Esplai
- Type: Non-profit voluntary association
- Purpose: Educating children during their free time
- Region served: Catalan Countries
- Members: 45,000 (2022)

= Esplai =

Voluntary association in Spain

An esplai is a non-profit voluntary association that works in the field of educating children during their free time. It has its origins in the Scout Movement, and has been popular in certain areas of Spain since the 1960s. Esplais Catalans is the largest and most representative federation in Catalonia.

How it works and activities: The Esplai is an entity that works with children and has different ways of work. It could be compared to an extra-curricular activity or summer camps, and it is often known as a place where children can partake in weekly gatherings for two to three hours every weekend. Children and teenagers can take part in activities that are dynamized by a monitor, who works in a given group as a referent. Along all kinds of activities they participate in, children and teens are guided to achieve some values, norms and attitudes set previously by the monitor, which follow the entity's plans and guidelines. Many of these gatherings can take place outside their habitual place, due to most of these activities not being dependant on where they are carried out.

The Esplais are aimed to fulfil a community service and educate children and teenagers to grow up with another perspective in life and with a higher social commitment with their environment.

Educacional Ideas: Every entity has their own ideologies, where they expose their objectives, values or anything else they want to work towards. All these aspects are collected and explained in a document called PEC (Educational project of the center/ Projecte Educatiu del Centre).
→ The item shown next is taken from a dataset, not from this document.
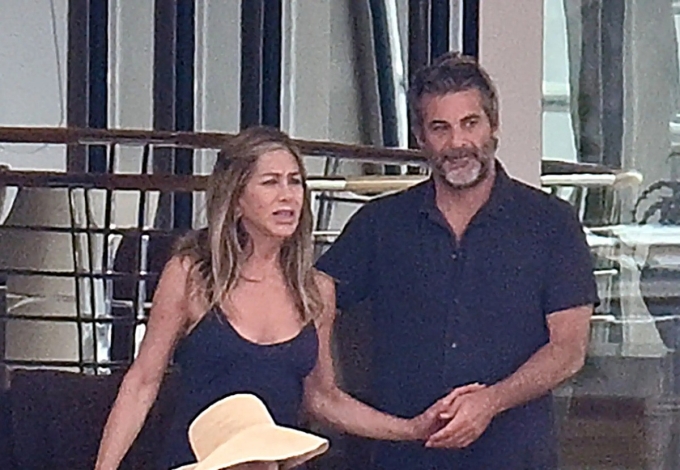 Jim Curtis và Jennifer Aniston trên du thuyền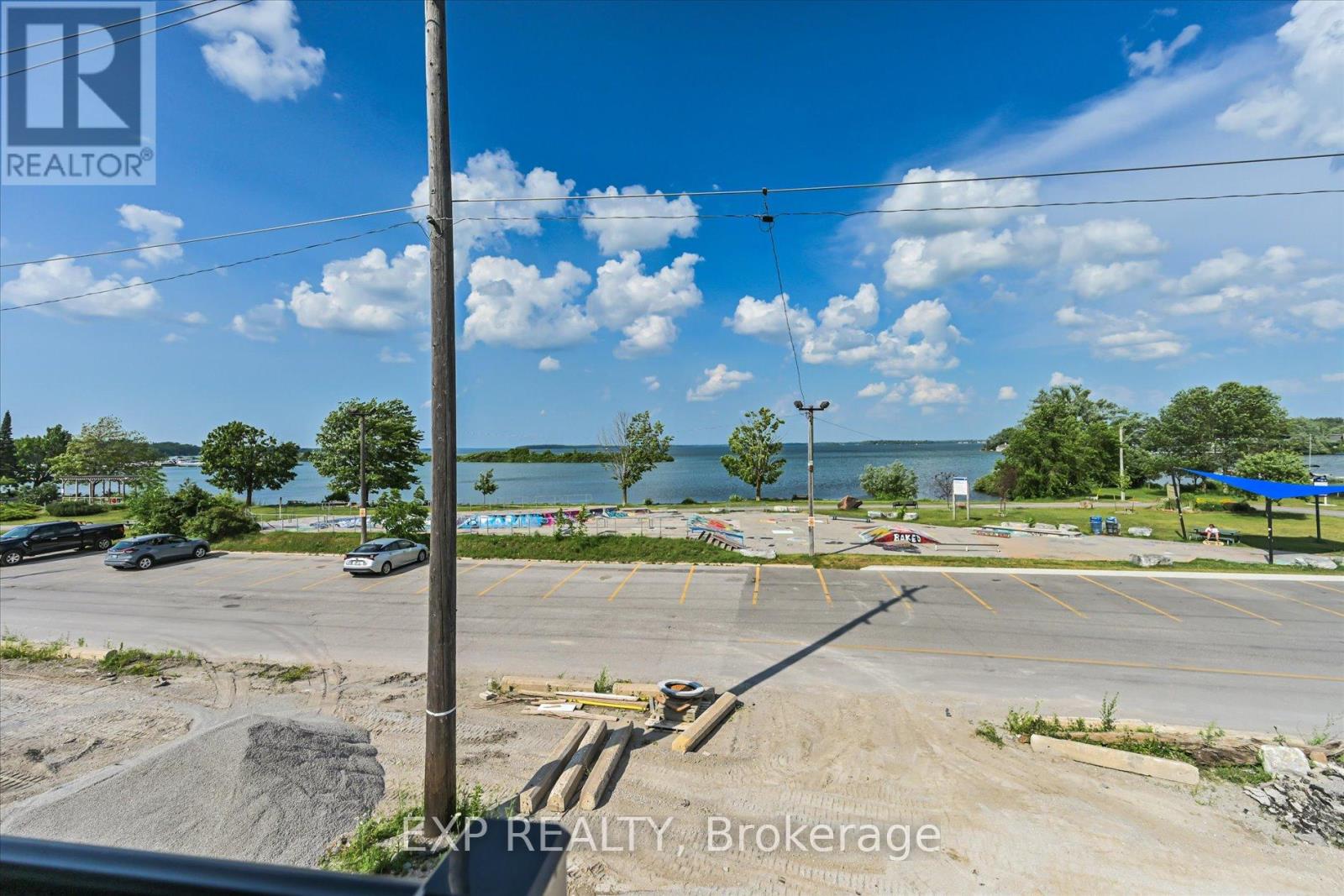 Photo 36 of 48 Wyn Wood Lane, Orillia ON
In that document, the entity analyzes their social environment, as well as short and long-term objectives.

Apart from these entity ideals, the monitors lay out specific objectives related to the characteristics of each age group, and they plan the activities to focus the items that they want to work on. When planning activities, they have to be adapted to the corresponding age group, and the PEC and objectives help their development to target and work with themes that are interesting for them or that they want to learn about. Usually, families are considered part of the Esplai as well, as its whole concept is thought not to be considered as a babysitting service, but as an educational space through leisure .

History: The Esplai concept was born in 1876 with the organization Appenzell (Swiss). However, it wasn't until 1960 that they were recognized with their current name.

==Overview==
In 2023, the Esplais had over 45,000 members in Catalonia, where the Scout Movement co-exists and is very popular as well.

Esplac, also known as Esplais Catalans, is a full member of the International Falcon Movement - Socialist Education International and has a presidium member for the Europe Region along with their sister organisation in the UK Woodcraft Folk.

Esplais have less of a hierarchical structure than the Scouts, but they work in a similar way. They play games, do arts and crafts, have discussions and go on trips. There is a pedagogical aim behind it which promotes the integral development of the child. Typically, an Esplai centre can have about 100 children and 20 educators.